Brelan shrugged. "I'm sure you'll tell me without me having to ask."

Teal's face lost some of its happiness. "I'm offering you peace."

"Why?"

"Why not?"

Brelan glimpsed up at the man and snorted. "Because you don't like me, du Mer."

"That's because I didn't understand why you hung around Liza after her marriage to Galen."

"And you understand why I did that now, eh?"

Teal nodded. "Legion told me long ago who Corbin's father was. I can see why you wanted to be near her."

"Do you, now?"

"You're not making this any easier for me, Saur."

"Life ain't easy, du Mer." He dug the knife into the tail section of the decoy and made a long, wavering line.

"Maybe I shouldn't tell you what Legion sent me to tell you."

"I didn't think you'd come here on your own," Brelan retorted.

"Liza had your babe this morning."

The blade slipped, ran down Brelan's thumb, and cut deep. He stared at the gypsy. Blood dripped to the rush-strewn floor, stained the wood carving, but he didn't seem to notice. "She…she…" He couldn't seem to get past that one word.

"It happened so fast we barely had time to fetch Cayn. One moment she was standing by the window, the next she was bent over. Legion was going to carry her up to the bedroom, but he got no further than the settee in the library. Legion and Cayn delivered the babe about twenty minutes ago. We sent men looking for you, but I figured this was where you'd be. After a glass or two or three, I forget, of that very fine Chrystallusian plum wine, I came looking for you."

It was the most words Teal du Mer had ever spoken to him. Brelan could only stare at the twin dimples indenting Teal's cheeks. He certainly couldn't have moved if his life depended on it.

"Is she…is the babe…"

"Both doing well. Cayn said it was the easiest delivery he's ever been a part of. Mother and child are sleeping right now, but I would think you'd like to take a peek at your babe."

Brelan felt as though the wind had been knocked out of him. He laid the knife and decoy on the table, becoming aware that his hand was bleeding. He looked at it as though it were alien.

"Well?" Teal prodded, "aren't you going to see your new daughter?"

Brelan's head came up. "Daughter?"

"Six pounds or thereabouts. She's got a head full of curly black hair. Prettiest little girl I've seen in a long, long time. Liza named her Ceara." Teal smiled. "I like that, don't you?"

"Daughter?"

Teal laughed. "Go see your little girl, man!" He held out his hand to help Brelan up.

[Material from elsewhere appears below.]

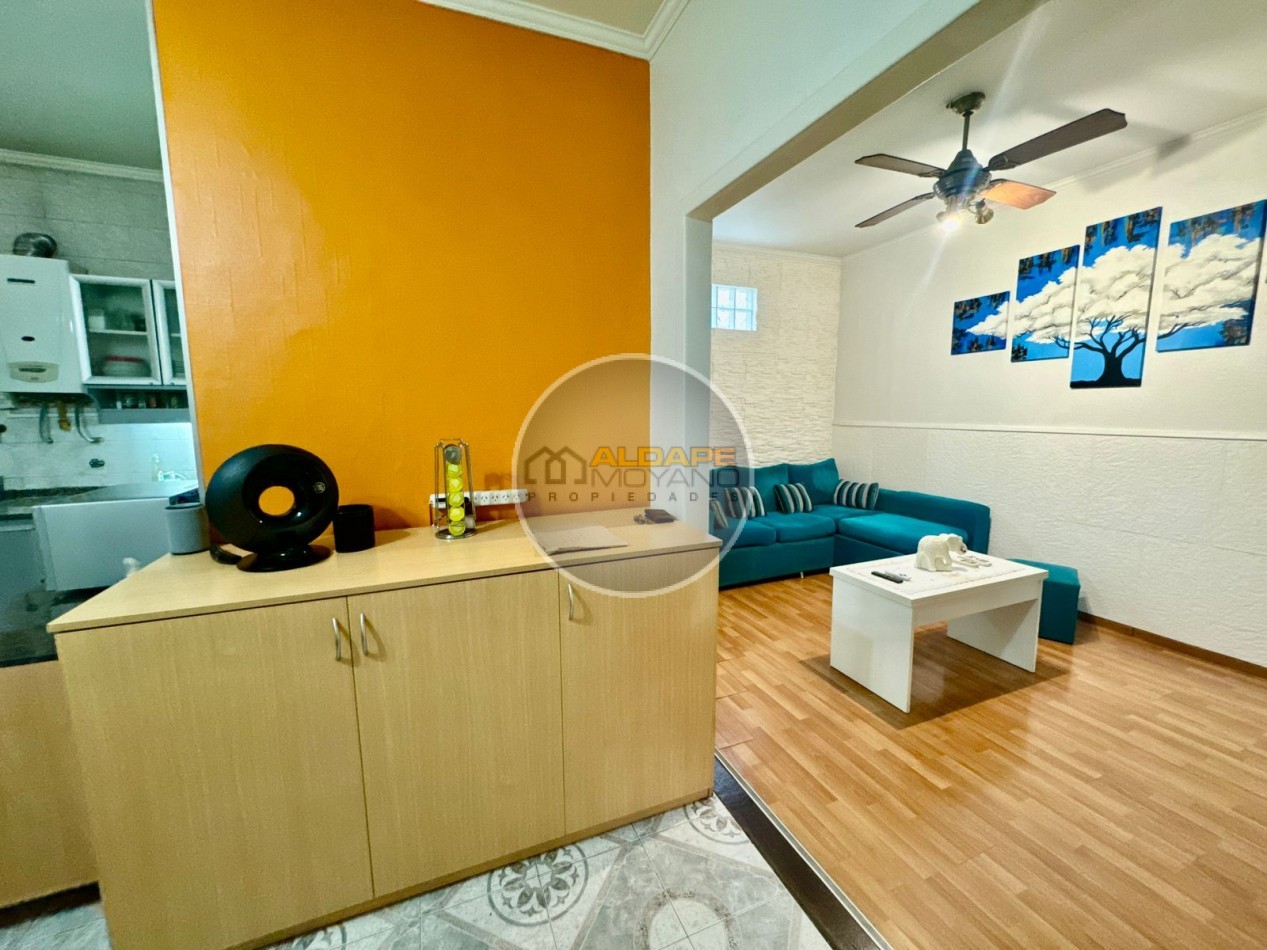 Se vende PH tipo casa, tres ambientes con cochera (Villa Lugano)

Brelan took hold of du Mer's hand. He felt himself drawn up from the bench, but Teal didn't let go of his hand right away.

"Congratulations, Brelan," the gypsy said.

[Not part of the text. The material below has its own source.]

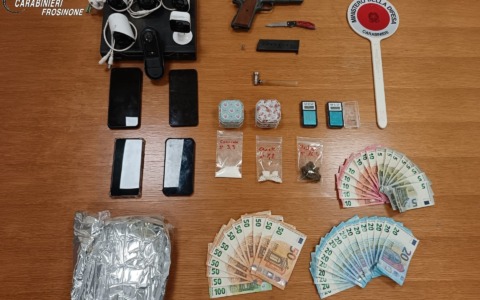 Scoperta rete di spaccio in abitazione sorvegliata da cani e telecamere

"Thank you?" Brelan managed to whisper.

"That's usually the correct response, aye!"

On his walk back to the keep, Brelan's mind was filled with wonder. He had always taken extra precautions to keep his seed from ever blossoming in his mistresses, wanting no child of his to come into such a foul world. He had always thought a child would be an encumbrance, an impediment to his carefree style, for he knew if one should ever be born, he would marry the woman. Now he wondered why he had been so careless with Elizabeth.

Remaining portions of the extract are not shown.